A closer Look at Disk Backend Choises

In this article, I will discuss the pros and cons of each of these options and give some recommendations for their use.

In the case of physical IO, there are several options: Root Domains, DirectIO and SR-IOV. Let's start with SR-IOV. The most recent addition to the LDom IO options, it is by far the most flexible and the most sophisticated PCI virtualization option available. Please see the diagram on the right (from the Admin Guide) for an overview. First introduced for Ethernet adapters, Oracle today supports SR-IOV for Ethernet, Infiniband and Fibre Channel. Note that the exact features depend on the hardware capabilities and built-in support of the individual adapter. SR-IOV is not a feature of a server but rather a feature of an individual IO card in a server platform that supports it. Here are the advantages of this solution:

It is very fine grain, with between 7 and 63 Virtual Functions per adapter. The exact number depends on adapter capabilities. This means that you can create and use as many as 63 virtual devices in a single PCIe slot!

It provides bare metal performance (especially latency), although hardware resources like send and receive buffers, MAC slots and other resources are devided between VFs which might lead to slight performance differences in some cases.

Particularily for Fibre Channel, there are no limitations to what end-point device (disk, tape, library, etc.) you attach to the fabric. Since this is a virtual HBA, it is administered like one.

Different than Root Domains and Direct IO, most SR-IOV configuration operations can be performed dynamically, if the adapters support it.
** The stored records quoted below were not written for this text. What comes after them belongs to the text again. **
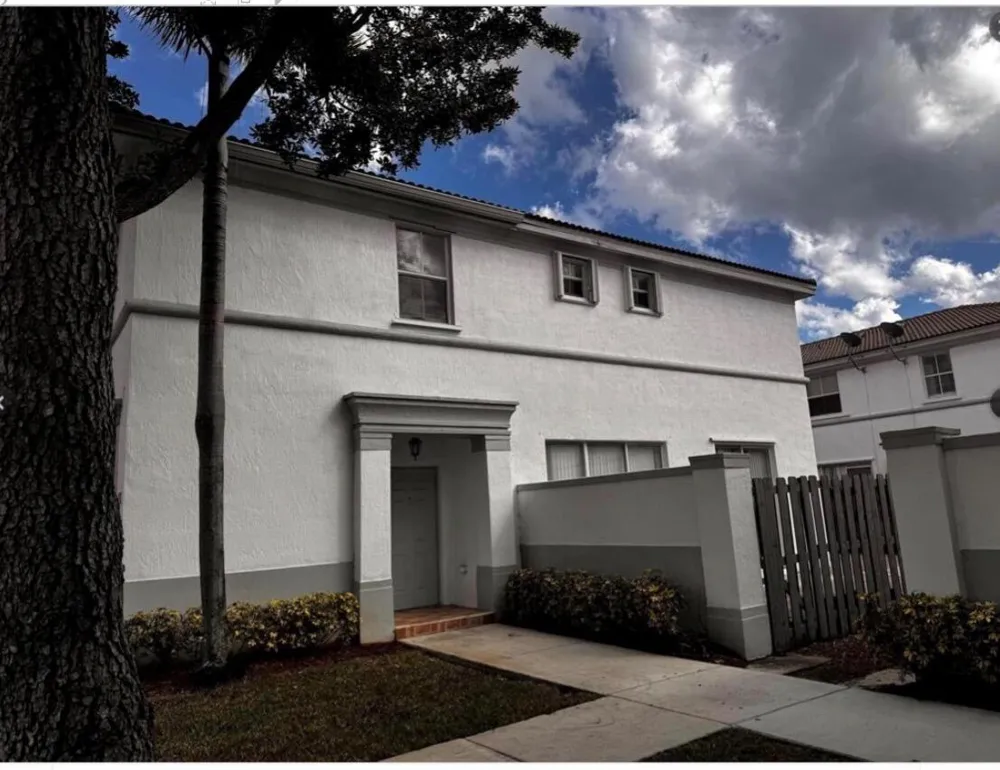 15746 SW 41st Street Miramar, FL 33027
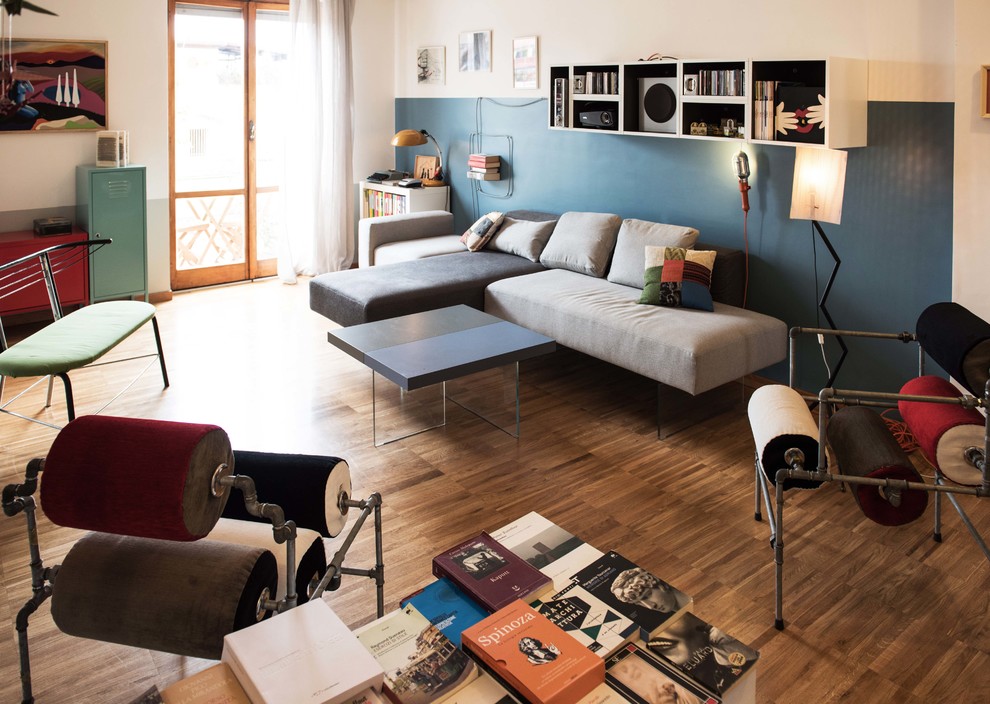 This is an example of an industrial living room in Naples.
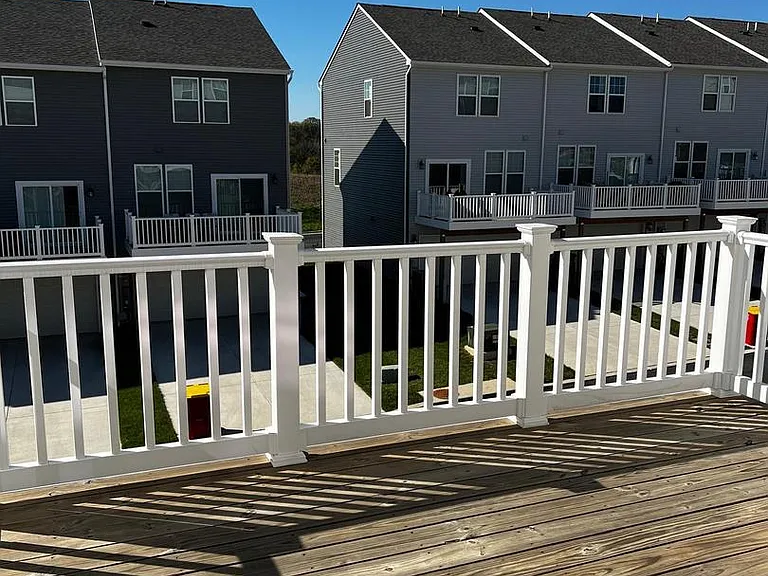 204 Anthem St — Photo 16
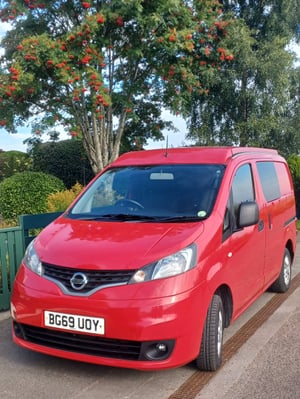 2019 Nissan NV200 — photo 2 of 9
This is currently the case for Ethernet and Fibre Channel. This means you can add or remove SR-IOV VFs to and from domains in a dynamic reconfiguration operation, without rebooting the domain.

Of course, there are also some drawbacks:

First of all, you have a hard dependency on the domain owning the root complex. Here's a little more detail about this:
As you can see in the
diagram, the IO domain owns the physical IO card. The physical Root
Complex (pci_0 in the diagram) remains under the control of the root
domain (the control domain in this example). This means that if the
root domain should reboot for whatever reason, it will reset the root
complex as part of that reboot. This reset will cascade down the PCI
structures controlled by that root complex and eventually reset the PCI
card in the slot and all the VFs given away to the IO domains. Essentially, seen from
the IO domain, its (virtual) IO card will perform an unexpected reset. The best
way to respond to this is with a panic of the IO domain, which is the
most likely consequence. Note that the Admin Guide says that the behaviour of the IO domain is unpredictable,
which means that a panic is the best, but not the only possible
outcome. Please also take note of the recommended precautions (by
configuring domain dependencies) documented in the same section of the
Admin Guide. Furthermore, you should be aware that this also means that any kind of multi-pathing on top of VFs is counter-productive. While it is possible to create a configuration where one guest uses VFs from two different root domains (and thus from two different physical adapters), this does not increase the availability of the configuration. While this might protect against external failures like link failures to a single adapter, it doubles the likelyhood of a failure of the guest, because it now depends on two root domains instead of one. I strongly recommend against any such configurations at this time. (There is work going on to mitigate this dependency.)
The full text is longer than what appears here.